In this regard, it makes sense—once all vendors have been identified—to organize vendors into risk categories. Maybe “high, medium, low” works; more sophisticated organizations might want to assign a risk score based on some of the popular frameworks (FAIR, COBIT, TARA, OCTAVE, NIST) or a home grown assessment method. Again, the scores or categories will change over time, but a baseline and risk level should be determined for each partner.

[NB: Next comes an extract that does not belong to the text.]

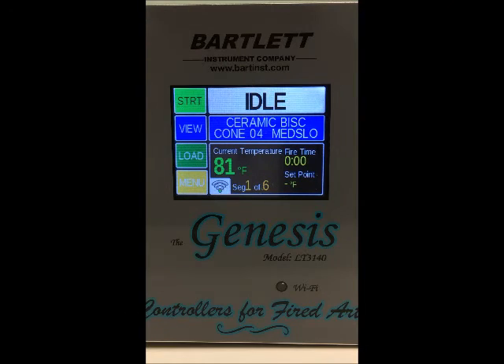Finally we've got the status block here down at the bottom. This will give you a variety of information about the status of the kiln — it tells you the current temperature, the firing time, the set point, the segment, and it also indicates whether Wi-Fi is connected.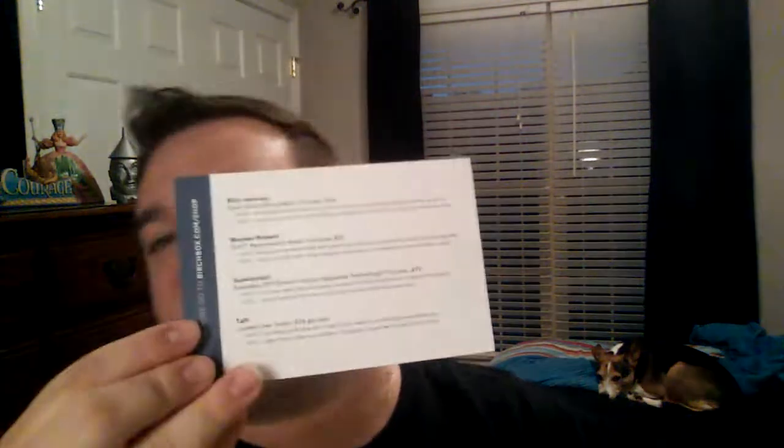So let's go ahead — it's so full this month. Here is our card of all of our products. The theme this month is Comeback Story. And as you can tell, the Birchbox is busting open. So let's go ahead and see what all we have in here.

If you put me to the test, if you let me try

One size does not fit all when it comes to securing the supply chain, and each organization must commit to a due diligence process that may seem overwhelming, especially for organizations with a large number of partners but a small security and/or risk team. As businesses’ supply chains expand, so too must oversight. Jerod Brennen, IT Risk Management Consultant, offers that organizations should focus on three critical areas to get their supply chain risk under control: Access management, vulnerability management, and third-party attestation. Vendor risk assessment checklists could include hundreds of questions, but start with these three, Brennen advises, and your company can build a repeatable, lightweight process for assessing ongoing risk.